### Information provided

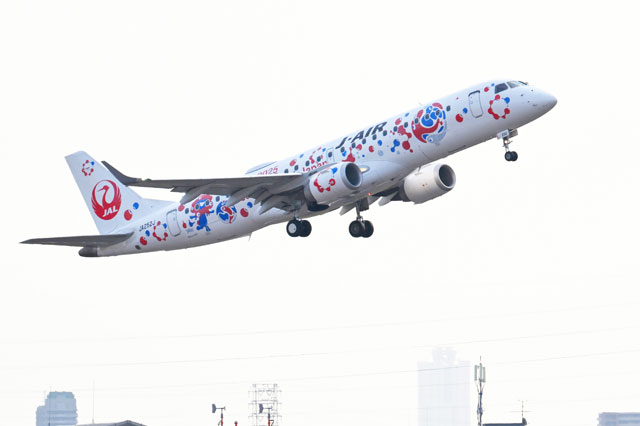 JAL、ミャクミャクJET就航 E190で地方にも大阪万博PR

---

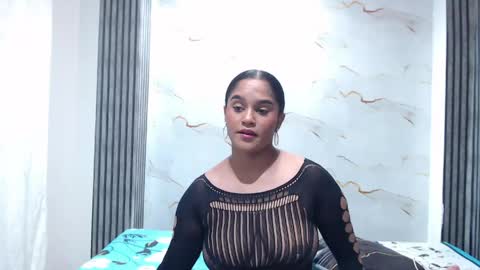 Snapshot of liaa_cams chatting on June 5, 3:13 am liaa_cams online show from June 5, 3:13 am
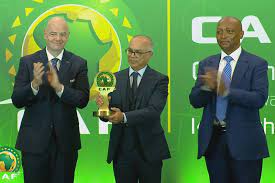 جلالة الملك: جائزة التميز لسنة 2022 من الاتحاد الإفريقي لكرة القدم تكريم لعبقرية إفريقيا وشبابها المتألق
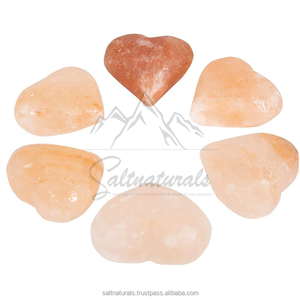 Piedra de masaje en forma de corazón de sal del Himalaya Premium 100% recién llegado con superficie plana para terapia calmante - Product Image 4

### Task
Using the records above, print exactly the lines between the ones containing "جلالة الملك: جائزة" and "Piedra de masaje", inclusive, and nothing else; no pictures.

### Result for this task
 جلالة الملك: جائزة التميز لسنة 2022 من الاتحاد الإفريقي لكرة القدم تكريم لعبقرية إفريقيا وشبابها المتألق
 Piedra de masaje en forma de corazón de sal del Himalaya Premium 100% recién llegado con superficie plana para terapia calmante - Product Image 4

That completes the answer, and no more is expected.